Sweden, Finland, Turkey made progress in NATO talks: Swedish FM
Sweden and Finland have made significant progress in the negotiations with Türkiye regarding the Nordic countries NATO membershipsaid Sweden’s Foreign Minister Tobias Billström on Wednesday.
“We had a very good conversation yesterday between Sweden, Finland and Turkey and I felt after this meeting that there is progress. We are moving forward,” Billström told reporters as he arrived for the second day of a NATO foreign ministers meeting in the Romanian capital Bucharest.
Turkish Foreign Minister Mevlüt Çavuşoğlu also made a statement on social media on Tuesday regarding the tripartite meeting, saying Türkiye conveyed its expectations within the framework of the memorandum of understanding signed during the NATO summit in Madrid in June.

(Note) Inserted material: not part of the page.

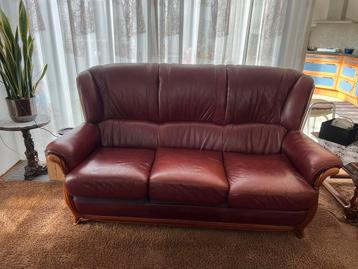 Bankstel - Klassiek Leder en 2 fauteuils beschikbaar voor biedingen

“At the Turkey-Sweden-Finland trilateral meeting of foreign ministers, we evaluated the measures taken within the framework of the tripartite memorandum and emphasized our expectations,” he said, referring to the pact signed in June under which the Nordic countries work to address Turkey’s security concerns .
Sweden and Finland formally applied to join NATO in May, abandoning decades of military non-alignment, a decision spurred by Russia’s war on Ukraine.

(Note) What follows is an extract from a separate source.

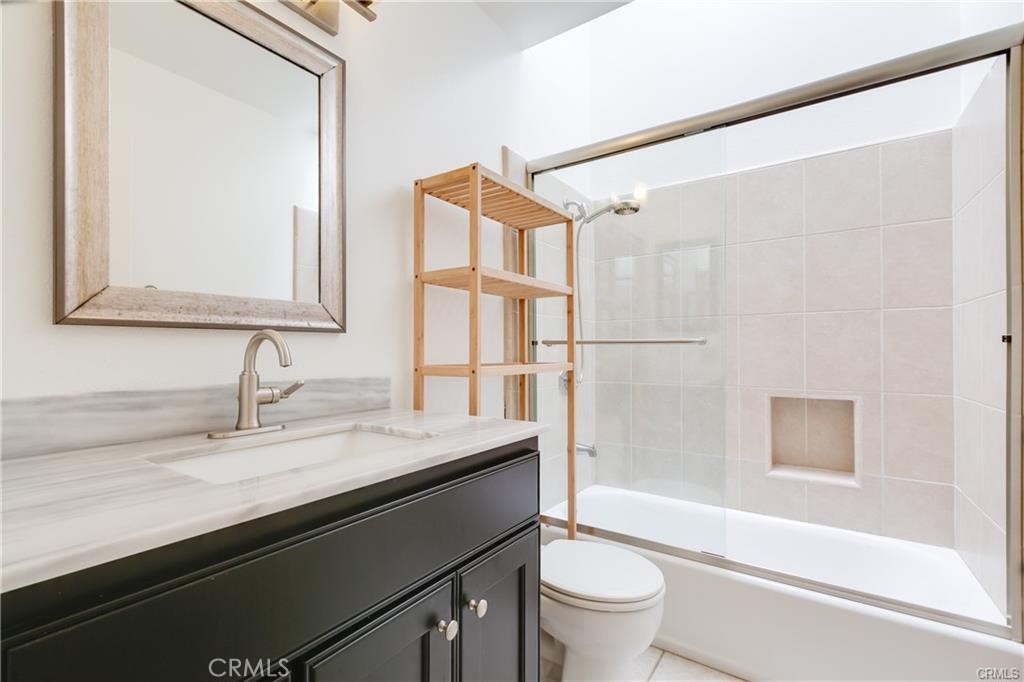 University Town Center - Residential Lease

But Turkey, a powerful NATO member for over 70 years, expressed objections to its membership applications, citing the two Nordic countries’ tolerance and even support of terrorist groups.
Türkiye and the two NATO hopefuls signed a memorandum in June at the NATO summit in Madrid to address Ankara’s legitimate security concerns, paving the way for Finland and Sweden’s NATO membership.

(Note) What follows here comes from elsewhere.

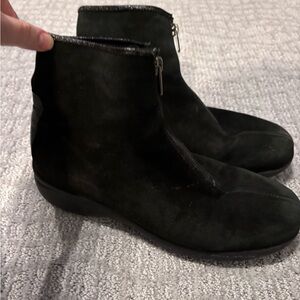 La CANADIENNE Black Suede Winter Boots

Finland and Sweden give their full support to Türkiye to counter threats to the country’s national security, according to the memorandum. Therefore, Helsinki and Stockholm should not give support to the terrorist group PKK, its Syrian branch, the YPG, and the Gülenist Terror Group (FETÖ), the group behind the defeated coup in Turkey in 2016.
In its more than 40-year terror campaign against Turkey, the PKK – listed as a terrorist organization by Turkey, the US and the EU, which includes Sweden and Finland – has been responsible for the deaths of over 40,000 people, including women, children and infants. The YPG is its Syrian offshoot.